In 10 years, he said, the SRC went from "a balanced budget to a $629 million deficit" when the very purpose for its creation was to put the District’s fiscal house in order.

Teachers described how their school staffs were being decimated by layoffs. More than 1,500 teachers are among nearly 4,000 laid off District workers.

"Our school has improved 150 percent and all the people who made it possible are gone," said Eileen DiFranco, the nurse at Roxborough High School.

Carefully built teams that included administrators, teachers, student advisors, and other workers that were designed to reduce truancy and improve school climate will have to be dismantled, she said.

Chris LeShok, a 6th grade teacher at Whittier Elementary, said three "really good" teachers got layoff notices at the North Philadelphia school.

"One is a brand new teacher, smart, highly qualified, her students are learning," LeShok said.
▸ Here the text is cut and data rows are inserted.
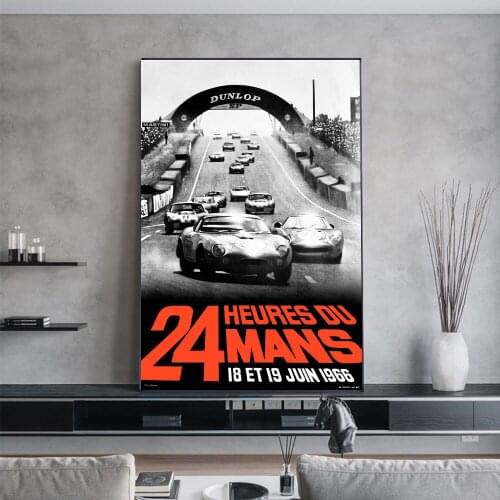 Le Mans 18 ET 19 June 1966 Poster On Canvas Print Nordic Wall Art Picture For Living Room Home Decoration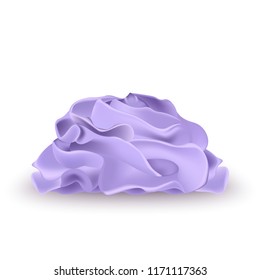 Purple whipped cream for ice cream, yogurt, cupcake, cake. Detailed 3d Illustration Isolated On White. Design Element For Web Or Print Packaging. Vector Illustration.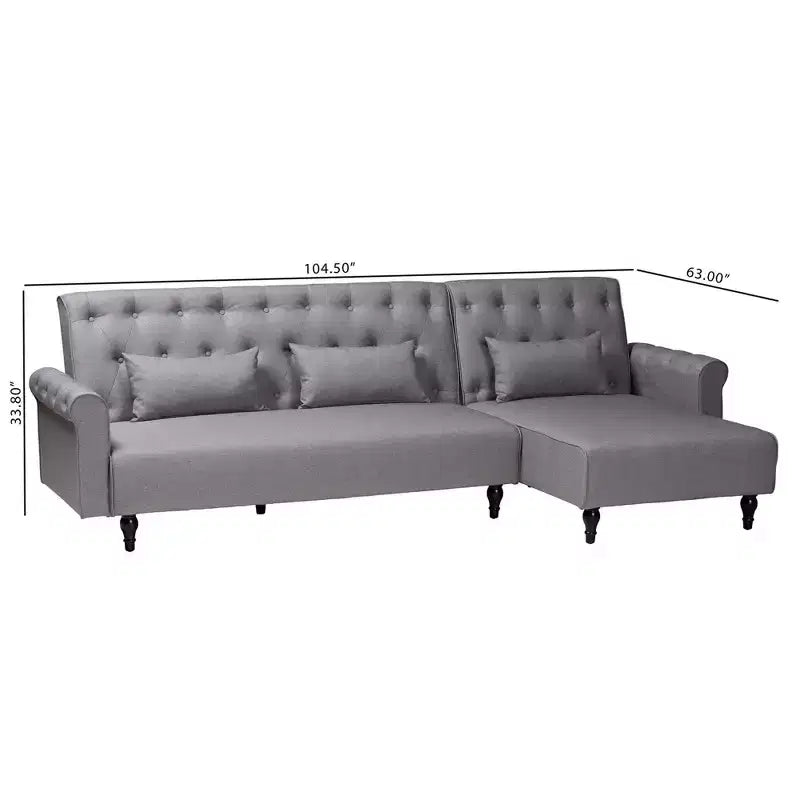 Divano Letto Convertibile Baxton Studio Chesterfield con Rivestimento in Tessuto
The others are second-year teachers.

"We’re not broke. Not the state, not the country, not the District. There’s money out there," LeShok said.

In addition to Jordan, more than 30 speakers addressed the SRC, many of them decrying the cuts in areas like special education, parent engagement, and translation services. The commission listened without comment.

In a late development, Jordan said that state Supreme Court Justice Max Baer had issued a stay order, effectively postponing a lower court hearing scheduled for Tuesday to deal with the manner in which the District conducted the teacher layoffs. The high court is reviewing the documents relating to the case and no action can take place on the case in the meantime.

The union had gone to court to block the layoffs, saying that the District’s exemption of teachers in Promise Academies from layoffs violated the contract. Commonwealth Court Judge Idee C. Fox issued a temporary restraining order that put the layoffs on hold and scheduled the Tuesday hearing.

While the layoffs are still on hold, it is unclear what the Supreme Court’s involvement means for the ultimate disposition of the union’s case. Promise Academies are schools getting extra resources for "turnaround" under the supervision of Superintendent Arlene Ackerman.

Ackerman, who is out of town, did not attend the SRC meeting.

Notebook staffers Dale Mezzacappa and Paul Socolar and intern Katrina Morrison contributed reporting for this article.